額に腕の跡が付いたころ、陽行が面談室に入ってきた。
「彼女がお前のこと呼んでるぞ」
鷹斗は慌てて部屋を飛び出す。
勢いよく病室の扉を開けると、ベッドの上に座る由衣の姿があった。
「鷹斗さん……ご迷惑おかけして申し訳ありません……」
「いいんだ、そんなこと。気にしなくていい。体は?大丈夫か?」
「はい……大丈夫です。でもまさか、買い物の帰りに事故に遭ったとは……」
え……一体どういう……。鷹斗は陽行を見る。
「鷹斗さん……?」
「へ?あ、うん……俺も聞いてびっくりしたよ。でも無事でよかった」
「でも不思議と痛いところはないんです。ケガもしてないし……」
「に、入院期間が長いんだよ。だから傷も治ってるし、痛みもないんじゃないかな。
鷹斗がとっさについた、やさしさの嘘だ。
「そっか……だから痛みがないんですね」
由衣は納得した。
鷹斗は何とも言えない、気持ちになる。
前に椿が言っていた……。
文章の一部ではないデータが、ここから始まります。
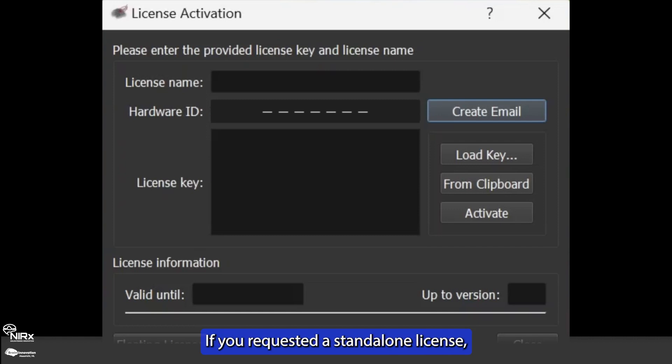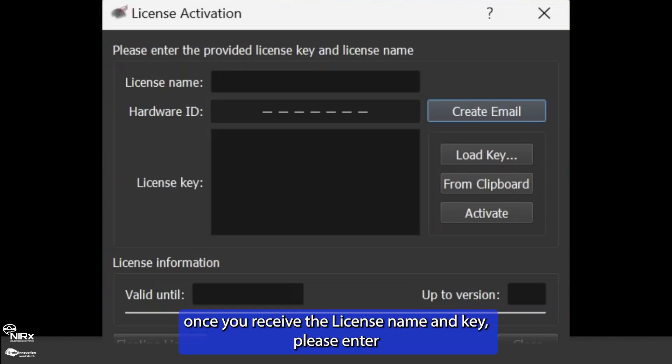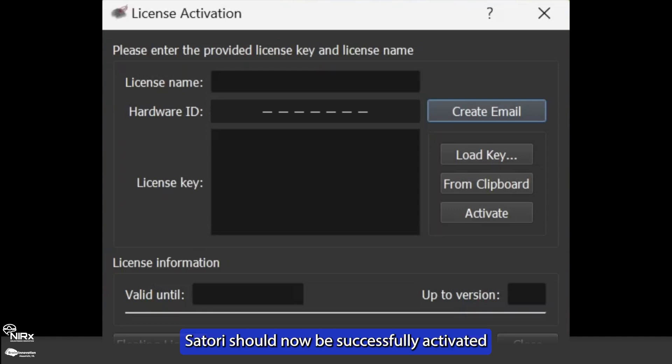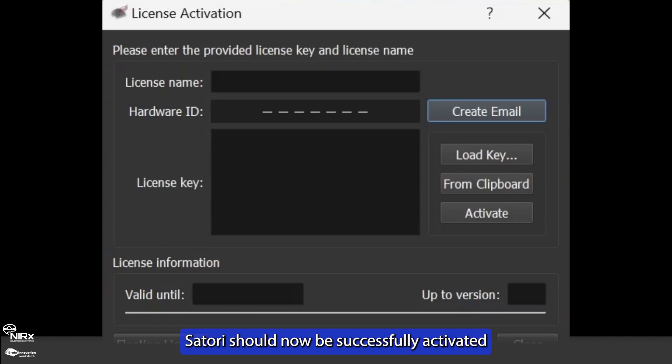If you requested a standalone license, once you receive the license name and key, please enter the license details in the dialog and press activate. Satori should now be successfully activated and after closing the dialog, you can now start Satori.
「何でか知らないけど、神隠しに遭った子供って言うのは、そのこと自体を忘れてるんだ」と。由衣も本当に神隠しに遭ったから、このことを覚えていないのか……。彼女がこんな目に遭ったという悲しいような、彼女が辛いことを覚えていないという安堵感、複雑な気持ちでいっぱいだった。
「鷹斗さん、椿さんは……眠ってるんですか?」
何も答えられない鷹斗に代わり、口を開いたのは陽行だ。
「由衣さん、椿はね……少し疲れが溜まったようだ。それで今は眠ってる。いつ起きるかは分からないが……こいつが寝坊しすぎるの、君ならよく分かるんじゃないか?」
「確かに……。椿さん、いつも寝坊ばかりで出版会社の担当さんも手を焼いてました。締め切りがって言われてて……」
そこまで話した由衣。彼女の目からは涙が溢れていた。
「ごめんなさい……私が事故なんかに遭ったから……椿さんきっと、疲れちゃってこんなことに……」
震える彼女の背中を、たださすることしかできない鷹斗。彼の視線の先には、まったく動かない、ただ息をしているだけの椿の姿があった。
頼むから、早く……無事に目を覚ましてくれ……彼はそう願うしかなかった。